What you are asked to do: Nothing is to be left out: repeat every entry exactly as given.

The data:
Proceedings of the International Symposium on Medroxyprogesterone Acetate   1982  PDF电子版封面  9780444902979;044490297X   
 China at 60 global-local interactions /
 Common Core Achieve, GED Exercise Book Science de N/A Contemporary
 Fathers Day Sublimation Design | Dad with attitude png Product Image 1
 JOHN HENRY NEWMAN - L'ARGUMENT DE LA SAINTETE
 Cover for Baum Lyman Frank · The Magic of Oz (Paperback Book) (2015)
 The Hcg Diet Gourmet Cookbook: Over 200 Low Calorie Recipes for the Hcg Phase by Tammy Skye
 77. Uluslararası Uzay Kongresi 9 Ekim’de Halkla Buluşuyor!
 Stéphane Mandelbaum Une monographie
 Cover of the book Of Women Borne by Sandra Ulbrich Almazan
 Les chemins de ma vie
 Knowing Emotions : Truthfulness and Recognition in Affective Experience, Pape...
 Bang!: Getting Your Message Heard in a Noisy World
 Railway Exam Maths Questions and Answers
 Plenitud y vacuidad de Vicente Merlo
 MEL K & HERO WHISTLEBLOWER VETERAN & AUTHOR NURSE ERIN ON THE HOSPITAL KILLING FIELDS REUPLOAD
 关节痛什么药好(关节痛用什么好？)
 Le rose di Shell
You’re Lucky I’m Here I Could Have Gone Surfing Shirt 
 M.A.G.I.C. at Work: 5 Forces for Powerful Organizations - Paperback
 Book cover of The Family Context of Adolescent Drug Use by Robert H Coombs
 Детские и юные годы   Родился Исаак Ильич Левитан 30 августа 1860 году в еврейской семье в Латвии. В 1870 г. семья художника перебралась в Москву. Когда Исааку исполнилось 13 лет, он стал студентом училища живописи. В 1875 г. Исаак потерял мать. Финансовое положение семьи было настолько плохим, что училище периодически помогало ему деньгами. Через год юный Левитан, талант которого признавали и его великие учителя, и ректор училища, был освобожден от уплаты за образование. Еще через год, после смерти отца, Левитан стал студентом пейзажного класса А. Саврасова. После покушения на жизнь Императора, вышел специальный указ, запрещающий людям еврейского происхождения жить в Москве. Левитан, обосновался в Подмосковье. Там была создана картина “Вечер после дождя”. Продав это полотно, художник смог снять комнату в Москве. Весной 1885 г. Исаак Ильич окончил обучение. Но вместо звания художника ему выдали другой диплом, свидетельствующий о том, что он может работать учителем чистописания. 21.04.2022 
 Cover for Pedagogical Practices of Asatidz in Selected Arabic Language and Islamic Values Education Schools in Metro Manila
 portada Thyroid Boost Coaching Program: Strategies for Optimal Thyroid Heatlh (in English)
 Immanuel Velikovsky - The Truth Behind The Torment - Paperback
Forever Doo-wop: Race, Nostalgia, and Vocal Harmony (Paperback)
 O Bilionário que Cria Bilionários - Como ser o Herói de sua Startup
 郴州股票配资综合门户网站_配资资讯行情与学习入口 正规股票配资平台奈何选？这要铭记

Written solution:
Proceedings of the International Symposium on Medroxyprogesterone Acetate   1982  PDF电子版封面  9780444902979;044490297X   
 China at 60 global-local interactions /
 Common Core Achieve, GED Exercise Book Science de N/A Contemporary
 Fathers Day Sublimation Design | Dad with attitude png Product Image 1
 JOHN HENRY NEWMAN - L'ARGUMENT DE LA SAINTETE
 Cover for Baum Lyman Frank · The Magic of Oz (Paperback Book) (2015)
 The Hcg Diet Gourmet Cookbook: Over 200 Low Calorie Recipes for the Hcg Phase by Tammy Skye
 77. Uluslararası Uzay Kongresi 9 Ekim’de Halkla Buluşuyor!
 Stéphane Mandelbaum Une monographie
 Cover of the book Of Women Borne by Sandra Ulbrich Almazan
 Les chemins de ma vie
 Knowing Emotions : Truthfulness and Recognition in Affective Experience, Pape...
 Bang!: Getting Your Message Heard in a Noisy World
 Railway Exam Maths Questions and Answers
 Plenitud y vacuidad de Vicente Merlo
 MEL K & HERO WHISTLEBLOWER VETERAN & AUTHOR NURSE ERIN ON THE HOSPITAL KILLING FIELDS REUPLOAD
 关节痛什么药好(关节痛用什么好？)
 Le rose di Shell
You’re Lucky I’m Here I Could Have Gone Surfing Shirt 
 M.A.G.I.C. at Work: 5 Forces for Powerful Organizations - Paperback
 Book cover of The Family Context of Adolescent Drug Use by Robert H Coombs
 Детские и юные годы   Родился Исаак Ильич Левитан 30 августа 1860 году в еврейской семье в Латвии. В 1870 г. семья художника перебралась в Москву. Когда Исааку исполнилось 13 лет, он стал студентом училища живописи. В 1875 г. Исаак потерял мать. Финансовое положение семьи было настолько плохим, что училище периодически помогало ему деньгами. Через год юный Левитан, талант которого признавали и его великие учителя, и ректор училища, был освобожден от уплаты за образование. Еще через год, после смерти отца, Левитан стал студентом пейзажного класса А. Саврасова. После покушения на жизнь Императора, вышел специальный указ, запрещающий людям еврейского происхождения жить в Москве. Левитан, обосновался в Подмосковье. Там была создана картина “Вечер после дождя”. Продав это полотно, художник смог снять комнату в Москве. Весной 1885 г. Исаак Ильич окончил обучение. Но вместо звания художника ему выдали другой диплом, свидетельствующий о том, что он может работать учителем чистописания. 21.04.2022 
 Cover for Pedagogical Practices of Asatidz in Selected Arabic Language and Islamic Values Education Schools in Metro Manila
 portada Thyroid Boost Coaching Program: Strategies for Optimal Thyroid Heatlh (in English)
 Immanuel Velikovsky - The Truth Behind The Torment - Paperback
Forever Doo-wop: Race, Nostalgia, and Vocal Harmony (Paperback)
 O Bilionário que Cria Bilionários - Como ser o Herói de sua Startup
 郴州股票配资综合门户网站_配资资讯行情与学习入口 正规股票配资平台奈何选？这要铭记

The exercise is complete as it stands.